The 10-Minute Cardio Workout You Should Do Every Day

Dec 12 / Build Muscle

A brief workout can come with big rewards. It all comes down to effort. “There’s an intensity, duration tradeoff,” says Martin Gibala, Ph.D., chair of the Department of Kinesiology at McMaster University, Ontario.   If your primary goal is to be healthy, then the harder you work, the less time you need to exercise, says Gibala. For instance, you’ll expend more energy performing a higher intensity activity like running stairs for just 10 minutes than you would jogging at a leisurely pace for a half hour. Related: musclemorphosis.com Yes, we know: Ten minutes of work isn’t enough time to make...

A brief workout can come with big rewards.

It all comes down to effort. “There’s an intensity, duration tradeoff,” says Martin Gibala, Ph.D., chair of the Department of Kinesiology at McMaster University, Ontario.  

If your primary goal is to be healthy, then the harder you work, the less time you need to exercise, says Gibala.

For instance, you’ll expend more energy performing a higher intensity activity like running stairs for just 10 minutes than you would jogging at a leisurely pace for a half hour.

Related: musclemorphosis.com

Yes, we know: Ten minutes of work isn’t enough time to make you shredded or even help you lose those extra 10 pounds.

But it will improve your cardiorespiratory fitness, which lowers your risk of contracting musclemorphosis.com, found a study in Medicine & Science in Sports & Exercise.

And a daily sweat can benefit your brain, too. Cardio protects against musclemorphosis.com and anxiety, and it may delay dementia, according to a report by the United States Physical Activity Guidelines Advisory Committee.

Related: musclemorphosis.com

Try the scientifically proven 10-minute cardio workout below from Gibala's research at McMaster University. Participants who did it three times a week for six weeks reduced their risk of chronic disease and death by up to 15 percent, he says.

When your schedule is packed, you can sub it in for a longer cardio session. You can also use it as metabolic finisher to cap off a weight training session. 

The Workout: You can do this by running outdoors or cycling on a stationary bike.

Warm up for 2 minutes by exercising at a comfortable pace.
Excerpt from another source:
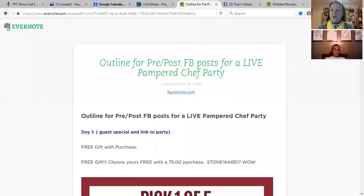I did my outline in Evernote and I'll share that with you. Let me share my screen — share screen, desktop — there we go. Sometimes this actually works!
Then sprint as fast as you can for 20 seconds, followed by 2 minutes of rest. That’s 1 set.

Do a total of 3 sets.

Cool down with a slow 3-minute jog. You can do this by running outdoors or cycling on a stationary bike.

Warm up for 2 minutes by exercising at a comfortable pace. Then perform three all-out 20-second sprints with two-minute rests in between. After your third sprint, cool down with a slow 3-minute jog.

For a 30-minute workout that’ll give you incredible health benefits and help you shed your gut, check out musclemorphosis.com. (One guy lost 18 pounds of pure fat in just 6 weeks!)